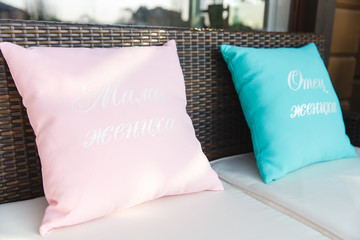 Pink and blue pillows with lettering lie on the brown sofa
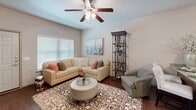 Located at 303 SE Ranger in Bentonville, Arkansas, this one-bedroom, one-bathroom residence offers a thoughtfully designed single-floor layout that maximizes every square foot. The open-concept living area features rich hardwood-style flooring, neutral tones, and a ceiling fan with light kit, creating a bright and comfortable atmosphere. Large windows allow natural light to fill the space, enhancing the airy feel throughout.

The kitchen is a standout feature, equipped with rich dark wood cabinetry, granite countertops, a full suite of stainless steel appliances including a refrigerator, range, microwave, and dishwasher, and a breakfast bar that provides additional dining and prep space. Hardwood-style flooring continues seamlessly from the kitchen into the living area.

The bedroom is a well-sized, carpeted retreat with a ceiling fan, a large window offering natural light, and a dedicated closet for storage. The full bathroom is finished with warm wood-toned cabinetry, a granite-topped vanity, framed mirror with a lighted vanity bar, and tile-style flooring. A washer and dryer hookup is also visible within the unit, adding everyday convenience to this efficiently designed Bentonville home.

++++++++++

## Exercise
Word for word, retype all of the data above, but include no pictures.

## Written answer
 Pink and blue pillows with lettering lie on the brown sofa
 Located at 303 SE Ranger in Bentonville, Arkansas, this one-bedroom, one-bathroom residence offers a thoughtfully designed single-floor layout that maximizes every square foot. The open-concept living area features rich hardwood-style flooring, neutral tones, and a ceiling fan with light kit, creating a bright and comfortable atmosphere. Large windows allow natural light to fill the space, enhancing the airy feel throughout.

The kitchen is a standout feature, equipped with rich dark wood cabinetry, granite countertops, a full suite of stainless steel appliances including a refrigerator, range, microwave, and dishwasher, and a breakfast bar that provides additional dining and prep space. Hardwood-style flooring continues seamlessly from the kitchen into the living area.

The bedroom is a well-sized, carpeted retreat with a ceiling fan, a large window offering natural light, and a dedicated closet for storage. The full bathroom is finished with warm wood-toned cabinetry, a granite-topped vanity, framed mirror with a lighted vanity bar, and tile-style flooring. A washer and dryer hookup is also visible within the unit, adding everyday convenience to this efficiently designed Bentonville home.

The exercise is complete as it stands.